What do you do in your spare time?
I do a lot of walking, occasional beach visits, increasingly rare snorkeling, learning about international destinations, travel, watching movies, listening to music, hiking and doing errands.
Tell us what music we would find on your MP3 player right now and what is it you enjoy about that particular selection?
Right now it's music I discovered in Australia on a recent trip, new and old: Shane Howard (of Goanna) and his incredible song "Solid Rock"... up and coming Aussie rockers Mojo Jacket (think Jack Johnson meets Squeeze). I'm also checking out Sir Cliff Richard who graciously did an interview with me there so I'm indulging in his work from over four decades.
Please describe the best promotion you've ever been part of?
When I first moved here, we did this thing called the Month of British Rock for a few years each March. Some of the many elements included having a featured British artist each week, customized sweepers for all the UK acts, tons of fun UK-themed prizes, and most fun of all, we created characters who were your on-air hosts that would appear in recorded vignettes and imaging throughout the month.

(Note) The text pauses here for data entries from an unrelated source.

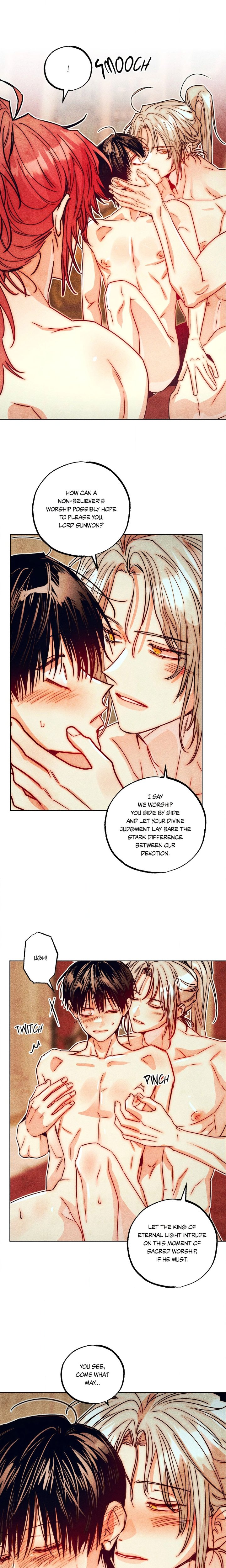 How to Be the Chosen One - Chapter 98 Page 14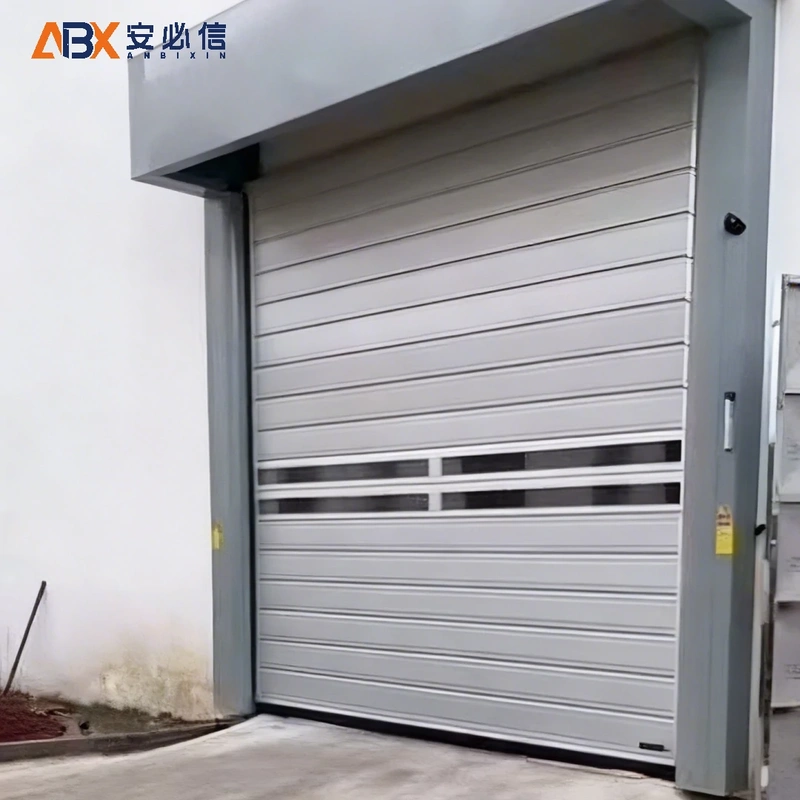 伊春市金属高速门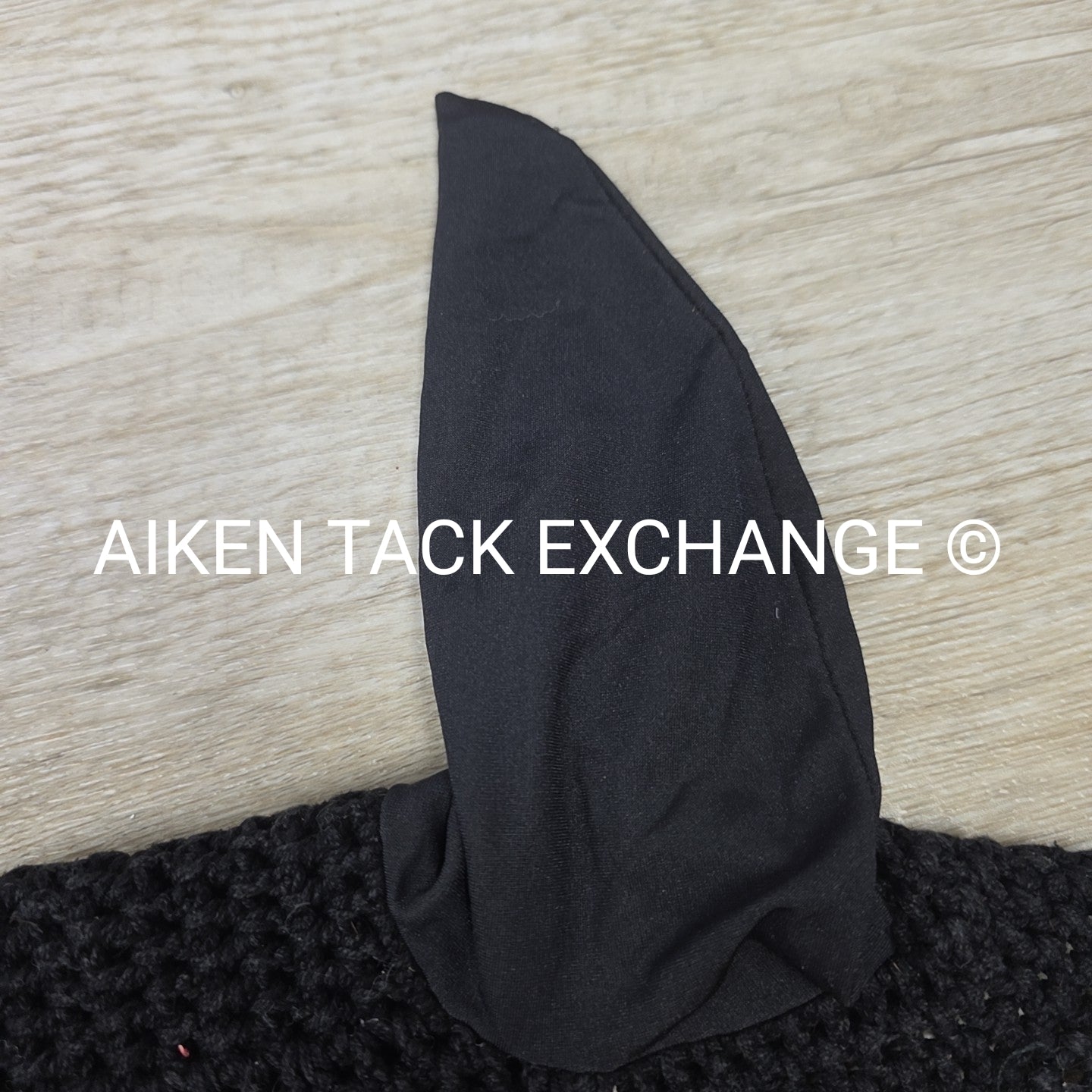 Leopard Print Ear Bonnet, Size Full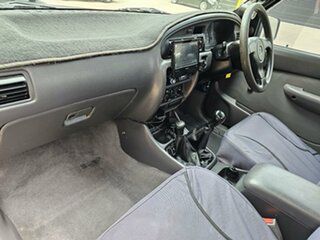 2000 Mazda Bravo B2500 DX Cab Plus Black 5 Speed Manual Utility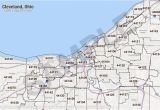 Cleveland Ohio On Map Cleveland Zip Code Map Lovely Ohio Zip Codes Map Maps Directions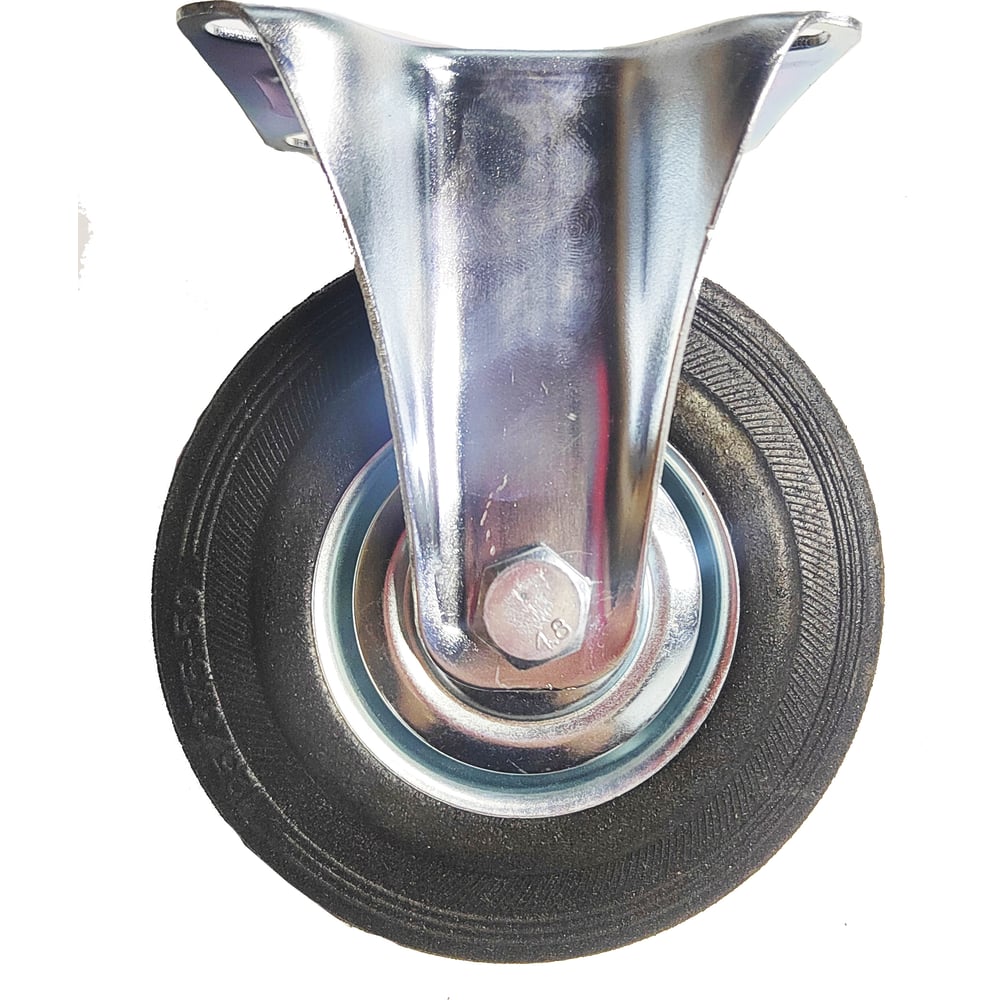 Изображение товара Колесо SAMGRUPP для строительных лесов неповоротное 125 мм 28 шт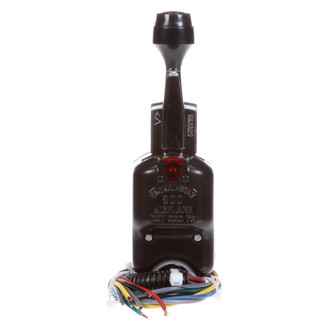 Truck-Lite® - Black Zinc Heavy Load Turn Signal Switch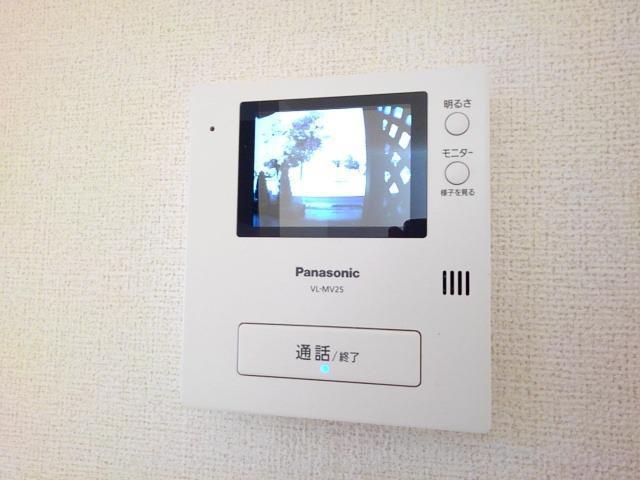 セキュリティ　ＴＶドアホン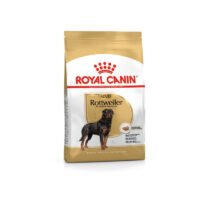 Royal Canin Rottweiler Adult saco frontal del pienso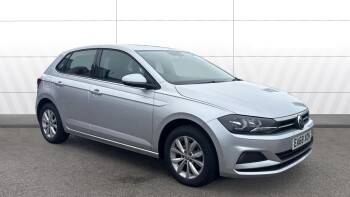 Volkswagen Polo 1.0 TSI 95 SE 5dr Petrol Hatchback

Who is your best friend in the business?
Probably Jack the Booking Agent -- Jack Randall from Ted Kurland Agency in Boston. One of my best buds and I appreciate both his camaraderie and encyclopedic knowledge of music. Also my best bud Faye Archambeau, who has filmed and/or shot photos of countless artist sessions out here.
What is the one truth that has held constant in your career?
Artist interviews are the most fun part of the gig.